Which of the lines below hold "skirt"? Please return each one.

(Short text fragments from websites)
*** Begin section ***

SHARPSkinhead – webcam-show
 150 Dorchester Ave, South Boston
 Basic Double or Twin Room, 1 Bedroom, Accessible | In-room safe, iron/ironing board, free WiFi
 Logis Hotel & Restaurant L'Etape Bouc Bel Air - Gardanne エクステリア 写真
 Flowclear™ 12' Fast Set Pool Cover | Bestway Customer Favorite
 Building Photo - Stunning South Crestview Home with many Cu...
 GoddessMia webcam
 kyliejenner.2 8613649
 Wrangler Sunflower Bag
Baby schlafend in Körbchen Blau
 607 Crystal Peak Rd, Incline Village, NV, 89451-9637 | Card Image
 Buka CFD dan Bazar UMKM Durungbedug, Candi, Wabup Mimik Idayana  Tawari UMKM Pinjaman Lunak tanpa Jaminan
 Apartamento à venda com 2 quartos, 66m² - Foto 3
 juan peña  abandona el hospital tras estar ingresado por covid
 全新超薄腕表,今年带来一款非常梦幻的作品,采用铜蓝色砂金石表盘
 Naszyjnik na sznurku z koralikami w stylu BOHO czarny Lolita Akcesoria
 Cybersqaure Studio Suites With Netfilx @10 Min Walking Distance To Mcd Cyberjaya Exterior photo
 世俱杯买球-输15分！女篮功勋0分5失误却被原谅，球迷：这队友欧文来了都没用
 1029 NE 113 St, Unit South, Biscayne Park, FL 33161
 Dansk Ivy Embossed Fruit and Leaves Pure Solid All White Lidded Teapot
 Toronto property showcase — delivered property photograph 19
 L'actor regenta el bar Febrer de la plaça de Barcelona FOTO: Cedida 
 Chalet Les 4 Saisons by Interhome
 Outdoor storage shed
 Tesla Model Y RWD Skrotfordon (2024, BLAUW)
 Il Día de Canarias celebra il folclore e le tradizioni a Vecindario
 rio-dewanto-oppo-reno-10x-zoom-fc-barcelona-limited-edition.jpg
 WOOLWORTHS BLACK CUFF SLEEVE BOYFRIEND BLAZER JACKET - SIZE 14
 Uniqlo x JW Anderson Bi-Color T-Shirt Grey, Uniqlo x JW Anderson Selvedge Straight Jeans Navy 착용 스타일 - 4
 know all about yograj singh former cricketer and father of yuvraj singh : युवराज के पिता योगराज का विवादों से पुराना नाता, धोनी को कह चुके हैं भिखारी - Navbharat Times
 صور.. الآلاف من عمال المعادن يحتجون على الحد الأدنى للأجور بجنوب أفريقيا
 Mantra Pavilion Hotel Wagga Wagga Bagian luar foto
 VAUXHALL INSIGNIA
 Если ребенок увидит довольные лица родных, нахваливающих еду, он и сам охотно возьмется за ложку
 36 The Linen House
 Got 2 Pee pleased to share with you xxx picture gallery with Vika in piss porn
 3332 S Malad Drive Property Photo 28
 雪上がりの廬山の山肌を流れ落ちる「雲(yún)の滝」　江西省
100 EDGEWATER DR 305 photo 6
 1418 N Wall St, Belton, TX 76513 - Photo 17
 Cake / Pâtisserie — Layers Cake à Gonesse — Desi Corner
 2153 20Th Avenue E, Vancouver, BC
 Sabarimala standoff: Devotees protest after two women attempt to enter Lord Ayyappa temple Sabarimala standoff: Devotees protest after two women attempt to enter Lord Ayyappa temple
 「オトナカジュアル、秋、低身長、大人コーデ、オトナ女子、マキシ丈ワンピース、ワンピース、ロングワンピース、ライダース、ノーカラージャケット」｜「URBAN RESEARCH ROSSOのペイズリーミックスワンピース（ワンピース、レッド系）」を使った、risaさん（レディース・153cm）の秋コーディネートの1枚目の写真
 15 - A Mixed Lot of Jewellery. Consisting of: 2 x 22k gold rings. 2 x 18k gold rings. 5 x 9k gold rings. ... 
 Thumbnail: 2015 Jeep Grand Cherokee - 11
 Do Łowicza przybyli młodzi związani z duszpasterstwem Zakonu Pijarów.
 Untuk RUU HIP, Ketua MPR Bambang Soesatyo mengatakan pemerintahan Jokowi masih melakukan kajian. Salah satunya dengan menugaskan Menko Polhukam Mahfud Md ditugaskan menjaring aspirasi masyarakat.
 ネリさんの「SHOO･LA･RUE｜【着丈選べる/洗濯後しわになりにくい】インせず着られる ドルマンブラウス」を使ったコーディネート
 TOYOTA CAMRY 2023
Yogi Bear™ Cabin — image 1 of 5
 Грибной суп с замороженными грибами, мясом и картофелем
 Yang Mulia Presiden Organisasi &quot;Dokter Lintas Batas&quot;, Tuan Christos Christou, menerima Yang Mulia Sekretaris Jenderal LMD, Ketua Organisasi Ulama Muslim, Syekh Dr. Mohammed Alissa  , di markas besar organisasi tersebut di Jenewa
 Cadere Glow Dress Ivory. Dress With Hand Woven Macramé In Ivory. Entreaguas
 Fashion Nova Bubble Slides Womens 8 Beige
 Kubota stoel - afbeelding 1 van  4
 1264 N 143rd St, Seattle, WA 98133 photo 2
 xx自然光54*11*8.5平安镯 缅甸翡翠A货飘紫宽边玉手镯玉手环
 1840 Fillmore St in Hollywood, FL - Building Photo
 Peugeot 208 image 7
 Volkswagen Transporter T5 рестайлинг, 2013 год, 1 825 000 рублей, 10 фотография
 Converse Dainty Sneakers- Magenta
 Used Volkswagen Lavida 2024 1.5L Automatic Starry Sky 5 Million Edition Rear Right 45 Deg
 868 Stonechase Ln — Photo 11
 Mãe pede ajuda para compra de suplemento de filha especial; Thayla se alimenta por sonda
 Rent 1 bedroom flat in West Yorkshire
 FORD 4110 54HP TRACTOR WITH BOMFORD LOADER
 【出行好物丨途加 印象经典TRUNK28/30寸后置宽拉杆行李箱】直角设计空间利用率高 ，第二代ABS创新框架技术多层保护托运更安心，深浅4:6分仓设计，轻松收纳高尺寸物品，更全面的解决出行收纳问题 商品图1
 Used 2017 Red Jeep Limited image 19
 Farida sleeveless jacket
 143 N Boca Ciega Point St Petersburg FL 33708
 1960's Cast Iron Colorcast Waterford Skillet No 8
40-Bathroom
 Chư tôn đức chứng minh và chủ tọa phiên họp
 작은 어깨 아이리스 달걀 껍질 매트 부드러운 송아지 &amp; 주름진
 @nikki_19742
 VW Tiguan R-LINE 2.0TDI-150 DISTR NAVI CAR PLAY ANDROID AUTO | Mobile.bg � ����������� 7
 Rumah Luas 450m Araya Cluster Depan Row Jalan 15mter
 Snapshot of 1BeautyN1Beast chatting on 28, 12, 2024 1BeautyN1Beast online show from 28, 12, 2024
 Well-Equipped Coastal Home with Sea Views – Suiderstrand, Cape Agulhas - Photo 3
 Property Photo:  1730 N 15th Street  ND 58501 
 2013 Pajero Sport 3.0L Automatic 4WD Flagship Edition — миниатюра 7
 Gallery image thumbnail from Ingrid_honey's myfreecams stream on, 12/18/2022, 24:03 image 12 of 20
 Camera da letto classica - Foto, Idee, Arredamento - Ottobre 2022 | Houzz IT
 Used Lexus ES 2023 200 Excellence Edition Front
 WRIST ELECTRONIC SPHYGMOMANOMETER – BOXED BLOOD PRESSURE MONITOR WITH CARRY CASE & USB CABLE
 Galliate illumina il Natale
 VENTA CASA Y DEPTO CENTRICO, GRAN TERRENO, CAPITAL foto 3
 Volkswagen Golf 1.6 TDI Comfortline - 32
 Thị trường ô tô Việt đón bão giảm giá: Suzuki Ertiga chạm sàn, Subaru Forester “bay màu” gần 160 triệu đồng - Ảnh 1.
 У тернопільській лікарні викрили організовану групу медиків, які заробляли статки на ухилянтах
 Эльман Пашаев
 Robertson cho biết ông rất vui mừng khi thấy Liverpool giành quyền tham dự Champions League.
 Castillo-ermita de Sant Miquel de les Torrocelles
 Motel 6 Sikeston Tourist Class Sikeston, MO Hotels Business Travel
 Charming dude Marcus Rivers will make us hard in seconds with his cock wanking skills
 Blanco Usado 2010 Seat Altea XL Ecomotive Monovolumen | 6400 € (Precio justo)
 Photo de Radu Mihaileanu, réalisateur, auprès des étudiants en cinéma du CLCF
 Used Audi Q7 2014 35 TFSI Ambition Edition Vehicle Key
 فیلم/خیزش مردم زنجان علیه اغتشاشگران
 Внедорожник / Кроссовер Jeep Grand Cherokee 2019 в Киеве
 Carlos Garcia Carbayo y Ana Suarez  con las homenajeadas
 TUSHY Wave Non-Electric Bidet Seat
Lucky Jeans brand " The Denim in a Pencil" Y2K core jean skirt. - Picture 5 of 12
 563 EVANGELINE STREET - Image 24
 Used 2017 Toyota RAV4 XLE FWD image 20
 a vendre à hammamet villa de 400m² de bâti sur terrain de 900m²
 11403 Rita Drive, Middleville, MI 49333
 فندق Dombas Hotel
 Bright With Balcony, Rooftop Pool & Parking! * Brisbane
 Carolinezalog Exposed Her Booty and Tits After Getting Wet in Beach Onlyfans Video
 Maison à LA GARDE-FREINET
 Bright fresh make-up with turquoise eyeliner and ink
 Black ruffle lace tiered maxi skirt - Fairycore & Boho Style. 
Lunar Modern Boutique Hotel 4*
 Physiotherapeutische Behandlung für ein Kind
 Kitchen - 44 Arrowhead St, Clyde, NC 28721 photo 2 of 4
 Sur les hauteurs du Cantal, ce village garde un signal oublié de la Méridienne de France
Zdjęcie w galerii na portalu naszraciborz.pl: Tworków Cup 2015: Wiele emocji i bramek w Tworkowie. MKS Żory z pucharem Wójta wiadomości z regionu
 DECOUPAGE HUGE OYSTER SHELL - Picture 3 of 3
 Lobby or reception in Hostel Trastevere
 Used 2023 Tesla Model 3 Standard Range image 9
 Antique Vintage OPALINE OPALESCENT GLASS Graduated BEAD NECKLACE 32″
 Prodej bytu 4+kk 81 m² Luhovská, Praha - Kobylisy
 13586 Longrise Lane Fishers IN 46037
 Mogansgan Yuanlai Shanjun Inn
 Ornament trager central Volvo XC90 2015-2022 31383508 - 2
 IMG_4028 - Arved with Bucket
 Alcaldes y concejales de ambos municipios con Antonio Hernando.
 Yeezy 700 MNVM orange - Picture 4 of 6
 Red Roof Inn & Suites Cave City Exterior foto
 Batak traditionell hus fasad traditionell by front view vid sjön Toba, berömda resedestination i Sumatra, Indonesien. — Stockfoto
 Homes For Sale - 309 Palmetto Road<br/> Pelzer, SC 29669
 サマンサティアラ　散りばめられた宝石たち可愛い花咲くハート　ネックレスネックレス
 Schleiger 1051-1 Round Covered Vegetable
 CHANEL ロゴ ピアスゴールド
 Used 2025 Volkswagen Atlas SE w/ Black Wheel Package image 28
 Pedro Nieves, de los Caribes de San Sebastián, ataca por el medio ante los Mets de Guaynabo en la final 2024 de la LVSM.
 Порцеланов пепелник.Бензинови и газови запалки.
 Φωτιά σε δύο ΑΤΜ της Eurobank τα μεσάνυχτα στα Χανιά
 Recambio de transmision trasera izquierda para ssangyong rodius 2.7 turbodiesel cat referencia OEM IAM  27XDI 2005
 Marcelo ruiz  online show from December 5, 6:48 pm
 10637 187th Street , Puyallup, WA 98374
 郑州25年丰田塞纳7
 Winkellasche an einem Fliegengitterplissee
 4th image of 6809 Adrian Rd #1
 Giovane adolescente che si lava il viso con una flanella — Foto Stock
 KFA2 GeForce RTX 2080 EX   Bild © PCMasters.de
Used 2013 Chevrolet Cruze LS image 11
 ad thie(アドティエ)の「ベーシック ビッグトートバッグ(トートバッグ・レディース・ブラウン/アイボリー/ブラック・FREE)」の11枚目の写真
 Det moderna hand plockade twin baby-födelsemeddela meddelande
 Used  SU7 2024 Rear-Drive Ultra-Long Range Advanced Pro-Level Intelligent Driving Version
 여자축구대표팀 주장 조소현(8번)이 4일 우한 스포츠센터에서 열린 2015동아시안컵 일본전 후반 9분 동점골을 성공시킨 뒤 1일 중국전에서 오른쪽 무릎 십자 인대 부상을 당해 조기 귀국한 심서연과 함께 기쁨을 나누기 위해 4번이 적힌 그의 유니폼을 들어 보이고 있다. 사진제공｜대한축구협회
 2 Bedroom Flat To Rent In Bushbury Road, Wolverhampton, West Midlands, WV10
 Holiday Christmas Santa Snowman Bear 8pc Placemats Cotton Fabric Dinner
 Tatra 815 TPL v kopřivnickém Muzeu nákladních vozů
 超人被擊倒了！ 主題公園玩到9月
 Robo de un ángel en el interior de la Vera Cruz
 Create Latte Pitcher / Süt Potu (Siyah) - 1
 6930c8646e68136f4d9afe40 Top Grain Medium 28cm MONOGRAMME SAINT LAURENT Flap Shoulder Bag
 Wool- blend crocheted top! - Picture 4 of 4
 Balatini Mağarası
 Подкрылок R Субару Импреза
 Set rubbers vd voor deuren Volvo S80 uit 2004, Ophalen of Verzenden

*** End section ***

* [RESULT FOR THIS TASK]
Lucky Jeans brand " The Denim in a Pencil" Y2K core jean skirt. - Picture 5 of 12
 Black ruffle lace tiered maxi skirt - Fairycore & Boho Style. 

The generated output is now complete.